Le prospettive a breve sono altrettanto incoraggianti. Almeno stando a quanto ipotizzano le grandi case d’affari.
Barclays e Goldman Sachs, nelle ultime settimane, hanno diffuso valutazioni positive proprio sui nostri Btp. Barclays ha indicato la possibilità di una discesa dello spread fino a 70 punti base, mentre Goldman ha sottolineato che tutti gli episodi che hanno portato ad un allargamento degli spread negli ultimi 10 anni sono stati causati da instabilità politica e tale rischio attualmente sembra basso in Italia. Insomma, secondo l’analisi a lungo termine delle principali banche d’affari il governo Meloni risulta l’unico esecutivo italiano degli ultimi 20 anni ad aver guadagnato in popolarità nei 30 mesi successivi al suo insediamento. «Prevediamo che questa condizione si manterrà almeno fino al prossimo anno, data l’assenza di catalizzatori politici rilevanti», scandiscono gli analisti della casa d’affari Usa.

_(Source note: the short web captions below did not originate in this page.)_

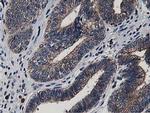 ATG3 Antibody in Immunohistochemistry (Paraffin) (IHC (P))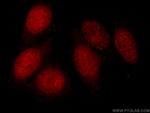 DNMT1 Antibody in Immunocytochemistry (ICC/IF)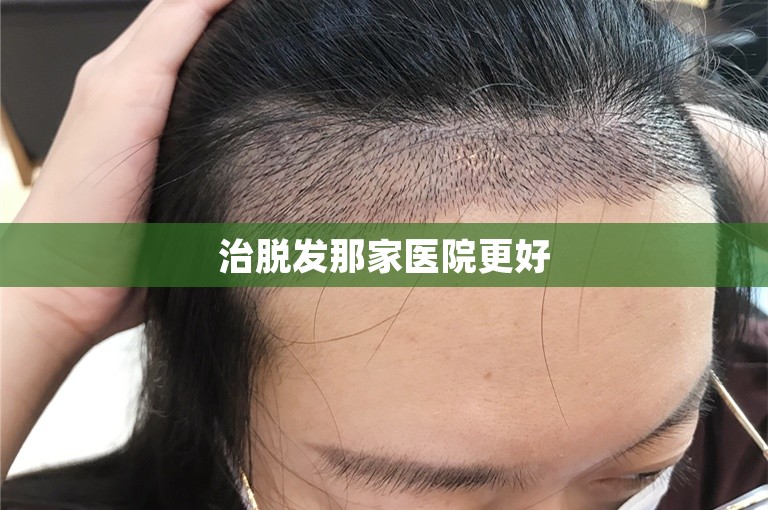 合肥头发种植好点的植发机构选择攻略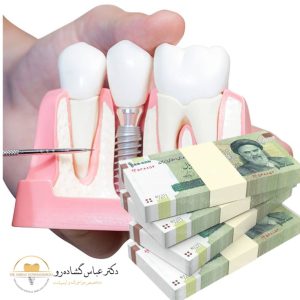 آیا هزینه ایمپلنت دندان اقساطی هم امکانپذیر است؟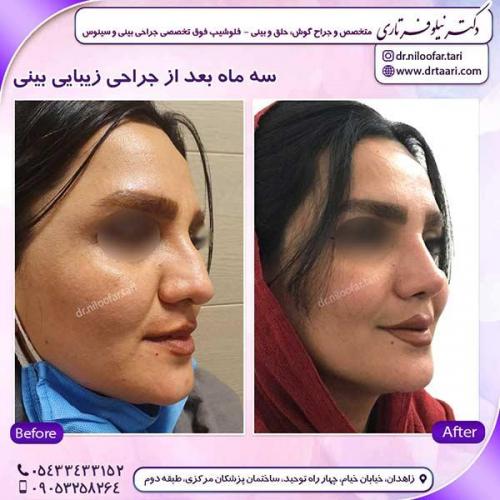 جراحی-بینی-256
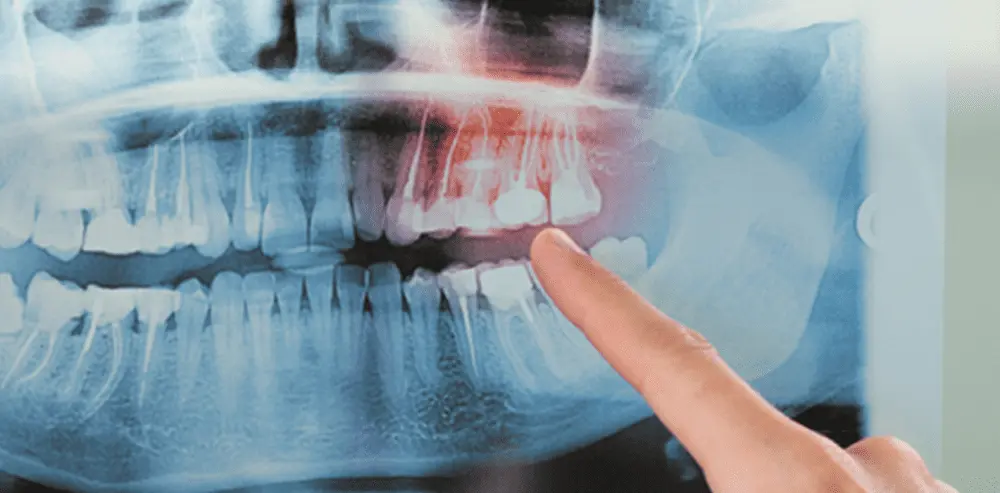 How Essential Oils and Your Dentist Can Treat Receding Gums | VP Dental | Treat Receding Gums VP Dental | Treat Receding Gums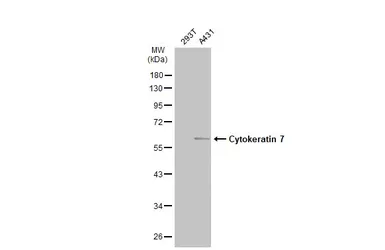 Anti-Cytokeratin 7 antibody [N2C2], Internal used in Western Blot (WB). GTX110414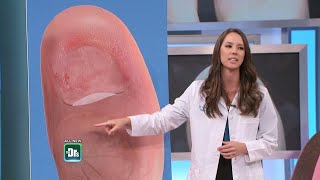 What To Do if Your Toenail Falls Off [upl. by Peggy]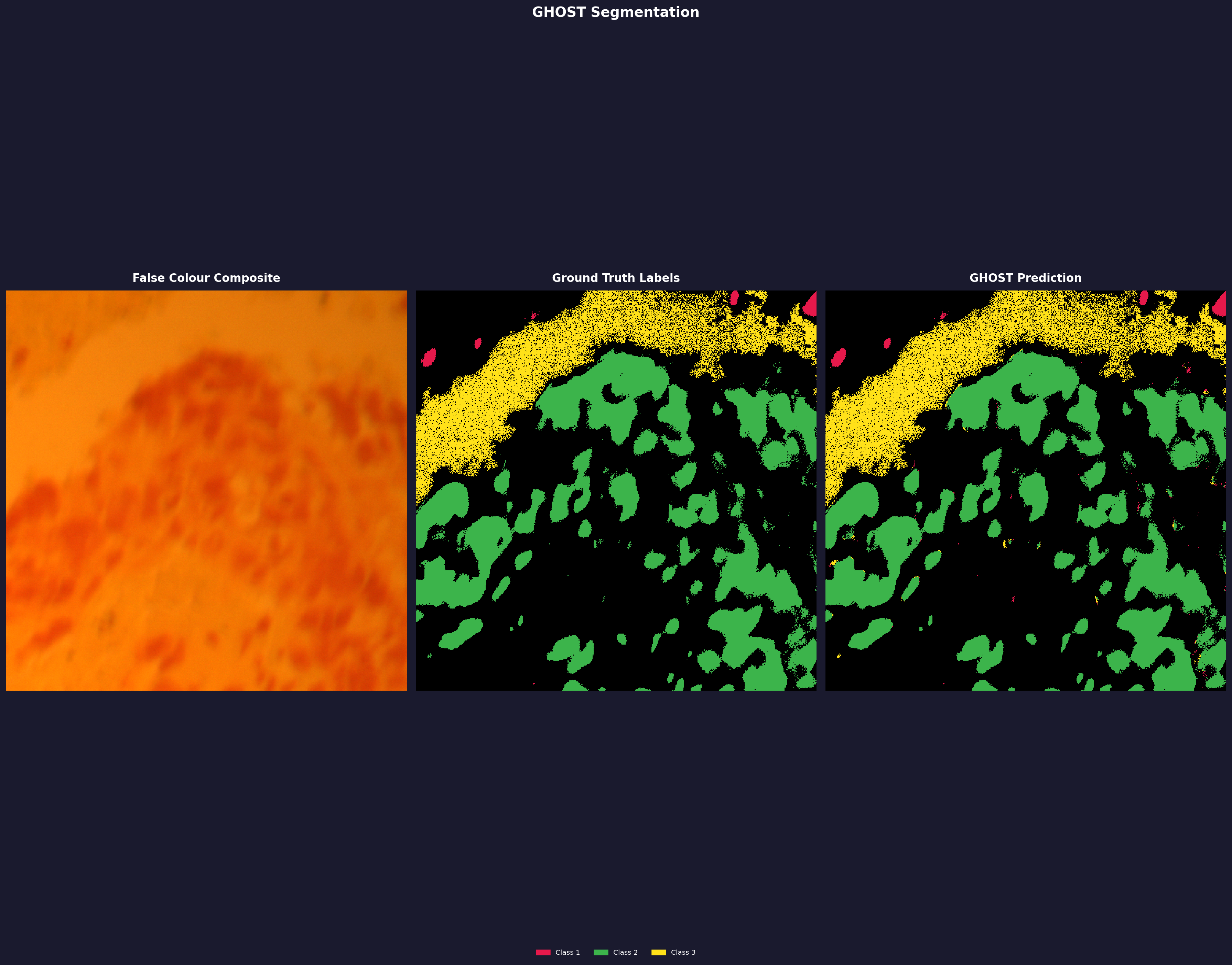 LUSC Lung Cancer Segmentation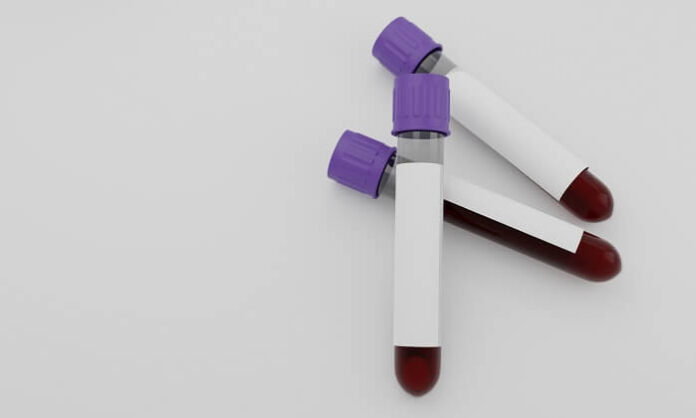 hba1c-test-may-misrepresent-blood-sugar-levels-in-indians-lancet-review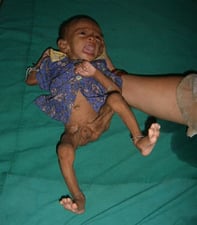 Faulty feeding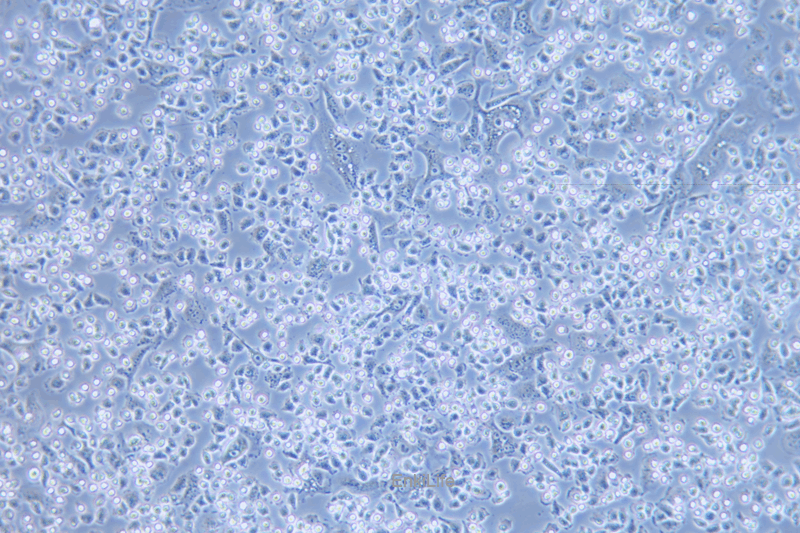 人甲状腺乳头状癌细胞IHH4(STR鉴定) | EnkiLife恩玑生命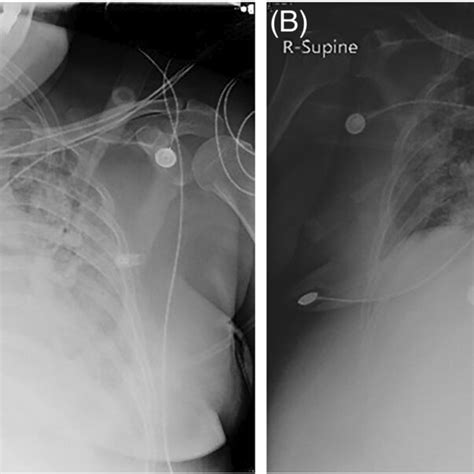 A Chest X‐ray On Covid‐19 Day 25 And B Chest X‐ray On Covid‐19 Day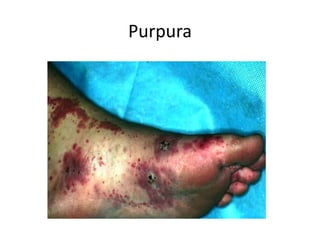 Purpura
 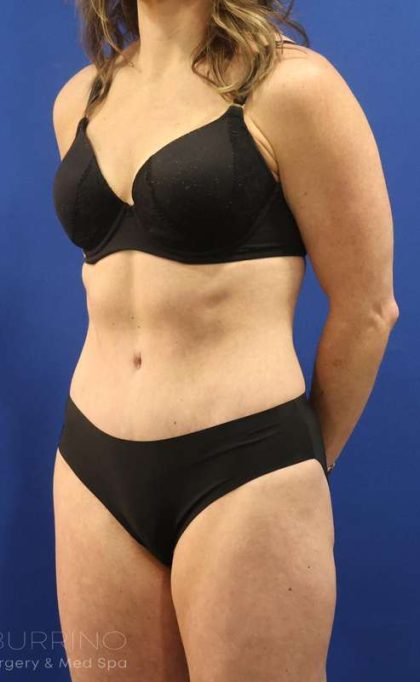 Tummy Tuck Before & After Patient #1153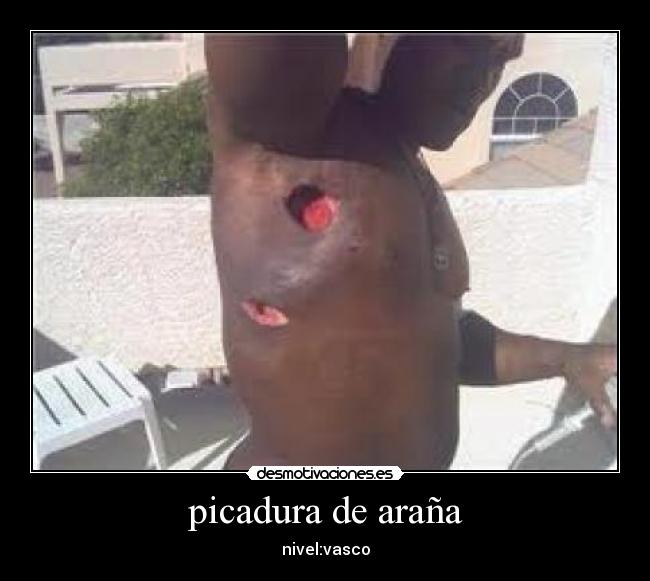 picadura de araña -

Secondo le stime di Neuberger Berman- società di gestione patrimoniale indipendente, privata e interamente posseduta dai suoi dipendenti, fondata nel 1939 che oggi gestisce 508 miliardi di dollari in azioni, obbligazioni, di private market, real estate e hedge fund per clienti istituzionali e investitori privati a livello globale - quando il governo Meloni si insediò il timore diffuso era che l’esecutivo di centro -destra non rispettasse i paletti di Bruxelles. Timori sfumati sotto la gestione di Giancarlo Giorgetti. E infatti il deficit italiano è sceso. Addirittura meglio delle previsioni: dal 3,4% del 2024 fino al la per un ritorno sotto il 3% stimato per il 2026. Parallelamente l’Italia lo scorso anno è stato il primo paese a tornare in avanzo primario post co vid. «Pochi Paesi mostrano una trasformazione più netta dell’Italia» sottolinea una analisi sempre di Bloomberg dedicato ai paesi della periferia Ue.